**Task prompt**
Find the line containing "Volleyball Net ~" in the data below, then output that line and each one after it exactly, with nothing else.
▬▬▬▬▬▬
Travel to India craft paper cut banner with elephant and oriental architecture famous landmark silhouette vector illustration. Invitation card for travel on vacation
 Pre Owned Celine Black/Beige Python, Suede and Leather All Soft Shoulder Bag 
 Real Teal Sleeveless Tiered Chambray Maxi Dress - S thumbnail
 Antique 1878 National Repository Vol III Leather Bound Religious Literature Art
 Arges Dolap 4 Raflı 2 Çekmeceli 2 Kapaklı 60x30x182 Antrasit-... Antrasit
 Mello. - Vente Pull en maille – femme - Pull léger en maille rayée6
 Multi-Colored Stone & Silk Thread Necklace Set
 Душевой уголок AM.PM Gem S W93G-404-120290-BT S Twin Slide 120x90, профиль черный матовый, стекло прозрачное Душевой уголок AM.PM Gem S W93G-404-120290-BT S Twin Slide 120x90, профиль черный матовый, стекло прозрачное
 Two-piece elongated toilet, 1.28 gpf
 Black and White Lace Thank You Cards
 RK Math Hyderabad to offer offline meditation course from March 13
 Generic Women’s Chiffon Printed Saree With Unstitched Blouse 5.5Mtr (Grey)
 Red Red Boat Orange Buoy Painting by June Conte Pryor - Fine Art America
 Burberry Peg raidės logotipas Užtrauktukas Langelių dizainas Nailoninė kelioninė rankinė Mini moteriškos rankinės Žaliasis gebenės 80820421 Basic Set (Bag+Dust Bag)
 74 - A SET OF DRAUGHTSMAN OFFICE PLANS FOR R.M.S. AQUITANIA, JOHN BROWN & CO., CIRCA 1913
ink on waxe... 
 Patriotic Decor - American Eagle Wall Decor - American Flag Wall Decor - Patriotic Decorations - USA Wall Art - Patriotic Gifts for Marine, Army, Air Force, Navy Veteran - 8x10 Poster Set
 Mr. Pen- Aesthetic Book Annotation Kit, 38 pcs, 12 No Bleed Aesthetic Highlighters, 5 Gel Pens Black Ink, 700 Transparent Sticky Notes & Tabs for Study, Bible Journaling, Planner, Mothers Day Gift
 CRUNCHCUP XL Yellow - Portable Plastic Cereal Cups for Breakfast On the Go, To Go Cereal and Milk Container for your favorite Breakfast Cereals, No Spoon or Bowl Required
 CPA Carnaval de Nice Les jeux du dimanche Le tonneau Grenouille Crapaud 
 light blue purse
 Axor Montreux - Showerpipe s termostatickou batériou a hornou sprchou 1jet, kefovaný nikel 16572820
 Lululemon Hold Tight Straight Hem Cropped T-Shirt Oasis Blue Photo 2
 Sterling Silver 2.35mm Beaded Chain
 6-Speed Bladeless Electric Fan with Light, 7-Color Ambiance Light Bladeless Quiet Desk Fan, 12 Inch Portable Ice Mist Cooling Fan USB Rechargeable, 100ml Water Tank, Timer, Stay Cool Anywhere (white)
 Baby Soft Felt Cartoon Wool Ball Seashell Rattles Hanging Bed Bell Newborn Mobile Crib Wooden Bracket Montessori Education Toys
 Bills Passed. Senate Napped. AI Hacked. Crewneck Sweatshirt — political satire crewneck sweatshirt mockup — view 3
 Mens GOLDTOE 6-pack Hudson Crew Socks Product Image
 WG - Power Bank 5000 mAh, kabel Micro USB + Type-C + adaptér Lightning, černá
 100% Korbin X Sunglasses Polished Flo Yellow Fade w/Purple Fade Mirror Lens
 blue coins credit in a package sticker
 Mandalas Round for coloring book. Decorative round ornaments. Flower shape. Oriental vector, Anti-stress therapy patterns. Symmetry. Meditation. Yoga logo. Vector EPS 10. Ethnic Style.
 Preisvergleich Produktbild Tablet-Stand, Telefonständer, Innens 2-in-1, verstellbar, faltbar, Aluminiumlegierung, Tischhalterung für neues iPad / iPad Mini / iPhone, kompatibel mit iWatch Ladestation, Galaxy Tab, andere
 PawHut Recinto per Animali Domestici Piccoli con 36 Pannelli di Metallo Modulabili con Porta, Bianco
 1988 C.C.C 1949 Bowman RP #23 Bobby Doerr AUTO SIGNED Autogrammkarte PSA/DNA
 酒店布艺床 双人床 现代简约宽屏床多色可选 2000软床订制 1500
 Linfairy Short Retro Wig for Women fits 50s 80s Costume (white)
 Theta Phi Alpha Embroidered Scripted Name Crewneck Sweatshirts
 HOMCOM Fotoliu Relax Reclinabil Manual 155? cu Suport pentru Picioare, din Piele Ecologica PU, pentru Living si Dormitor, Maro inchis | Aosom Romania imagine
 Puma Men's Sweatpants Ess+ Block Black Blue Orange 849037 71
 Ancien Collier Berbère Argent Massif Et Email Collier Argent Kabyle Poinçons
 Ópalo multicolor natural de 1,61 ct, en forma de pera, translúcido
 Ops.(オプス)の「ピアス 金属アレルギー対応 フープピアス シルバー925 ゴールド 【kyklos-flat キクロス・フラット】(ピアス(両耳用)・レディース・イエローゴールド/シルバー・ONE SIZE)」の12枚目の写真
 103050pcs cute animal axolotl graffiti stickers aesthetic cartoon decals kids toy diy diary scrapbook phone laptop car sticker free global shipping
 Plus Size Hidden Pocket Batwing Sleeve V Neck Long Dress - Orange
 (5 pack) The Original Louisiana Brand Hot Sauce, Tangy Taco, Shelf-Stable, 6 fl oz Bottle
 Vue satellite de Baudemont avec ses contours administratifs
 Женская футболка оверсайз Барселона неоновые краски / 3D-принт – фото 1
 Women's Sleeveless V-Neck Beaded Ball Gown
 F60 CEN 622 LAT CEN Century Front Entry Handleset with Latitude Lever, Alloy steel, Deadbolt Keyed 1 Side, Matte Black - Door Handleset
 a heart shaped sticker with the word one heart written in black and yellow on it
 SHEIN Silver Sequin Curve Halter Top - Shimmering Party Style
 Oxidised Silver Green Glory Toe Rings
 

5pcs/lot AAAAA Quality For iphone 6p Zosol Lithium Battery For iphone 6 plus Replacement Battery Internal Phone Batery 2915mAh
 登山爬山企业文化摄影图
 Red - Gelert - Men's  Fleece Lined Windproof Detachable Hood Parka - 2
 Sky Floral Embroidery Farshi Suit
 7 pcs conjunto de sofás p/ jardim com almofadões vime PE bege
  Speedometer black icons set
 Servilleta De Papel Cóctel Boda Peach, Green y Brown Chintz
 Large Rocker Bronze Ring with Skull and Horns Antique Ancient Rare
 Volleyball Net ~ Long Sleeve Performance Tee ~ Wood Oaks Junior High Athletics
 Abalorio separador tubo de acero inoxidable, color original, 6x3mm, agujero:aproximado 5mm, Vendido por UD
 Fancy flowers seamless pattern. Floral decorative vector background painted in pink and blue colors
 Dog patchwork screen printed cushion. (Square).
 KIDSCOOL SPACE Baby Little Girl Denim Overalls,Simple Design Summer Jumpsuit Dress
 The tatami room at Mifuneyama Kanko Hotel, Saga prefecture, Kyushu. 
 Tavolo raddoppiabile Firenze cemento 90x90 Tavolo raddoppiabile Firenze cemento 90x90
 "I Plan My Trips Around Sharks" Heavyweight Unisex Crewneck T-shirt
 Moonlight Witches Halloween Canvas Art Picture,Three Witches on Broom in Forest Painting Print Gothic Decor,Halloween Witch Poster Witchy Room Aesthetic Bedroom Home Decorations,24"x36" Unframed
▬▬▬▬▬▬
**Written response**
 Volleyball Net ~ Long Sleeve Performance Tee ~ Wood Oaks Junior High Athletics
 Abalorio separador tubo de acero inoxidable, color original, 6x3mm, agujero:aproximado 5mm, Vendido por UD
 Fancy flowers seamless pattern. Floral decorative vector background painted in pink and blue colors
 Dog patchwork screen printed cushion. (Square).
 KIDSCOOL SPACE Baby Little Girl Denim Overalls,Simple Design Summer Jumpsuit Dress
 The tatami room at Mifuneyama Kanko Hotel, Saga prefecture, Kyushu. 
 Tavolo raddoppiabile Firenze cemento 90x90 Tavolo raddoppiabile Firenze cemento 90x90
 "I Plan My Trips Around Sharks" Heavyweight Unisex Crewneck T-shirt
 Moonlight Witches Halloween Canvas Art Picture,Three Witches on Broom in Forest Painting Print Gothic Decor,Halloween Witch Poster Witchy Room Aesthetic Bedroom Home Decorations,24"x36" Unframed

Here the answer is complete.